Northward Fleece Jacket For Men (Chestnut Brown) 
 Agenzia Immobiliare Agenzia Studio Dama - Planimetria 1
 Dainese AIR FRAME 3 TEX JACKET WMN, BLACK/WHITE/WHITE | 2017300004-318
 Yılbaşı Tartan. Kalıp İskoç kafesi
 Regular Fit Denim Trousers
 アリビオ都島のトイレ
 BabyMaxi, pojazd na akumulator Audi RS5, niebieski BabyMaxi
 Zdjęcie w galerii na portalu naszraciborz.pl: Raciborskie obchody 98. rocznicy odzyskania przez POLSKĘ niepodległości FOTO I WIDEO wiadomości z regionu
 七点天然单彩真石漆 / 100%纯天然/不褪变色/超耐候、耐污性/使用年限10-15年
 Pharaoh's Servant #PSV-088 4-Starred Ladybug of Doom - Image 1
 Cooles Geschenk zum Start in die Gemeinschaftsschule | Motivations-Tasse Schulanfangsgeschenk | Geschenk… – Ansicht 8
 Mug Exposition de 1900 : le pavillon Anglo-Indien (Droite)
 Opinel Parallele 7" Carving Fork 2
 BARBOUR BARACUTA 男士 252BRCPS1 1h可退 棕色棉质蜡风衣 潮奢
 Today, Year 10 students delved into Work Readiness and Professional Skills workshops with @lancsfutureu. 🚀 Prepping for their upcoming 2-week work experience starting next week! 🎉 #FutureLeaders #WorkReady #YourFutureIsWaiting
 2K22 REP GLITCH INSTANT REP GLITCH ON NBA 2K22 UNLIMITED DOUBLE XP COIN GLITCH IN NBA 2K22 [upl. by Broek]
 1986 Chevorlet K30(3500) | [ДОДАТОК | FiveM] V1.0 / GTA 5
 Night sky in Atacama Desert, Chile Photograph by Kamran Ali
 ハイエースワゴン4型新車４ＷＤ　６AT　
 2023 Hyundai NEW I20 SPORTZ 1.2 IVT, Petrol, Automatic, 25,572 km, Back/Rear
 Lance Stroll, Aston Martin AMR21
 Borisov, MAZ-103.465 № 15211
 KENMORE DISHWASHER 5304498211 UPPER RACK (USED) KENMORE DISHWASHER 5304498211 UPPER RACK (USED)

> INSTRUCTIONS FOR THE TASK
Would you copy out exactly the lines from the one holding "Borisov, MAZ-103.465 № 15211" through the end of the entries above, both ends included?

> SOLVED EXERCISE
 Borisov, MAZ-103.465 № 15211
 KENMORE DISHWASHER 5304498211 UPPER RACK (USED) KENMORE DISHWASHER 5304498211 UPPER RACK (USED)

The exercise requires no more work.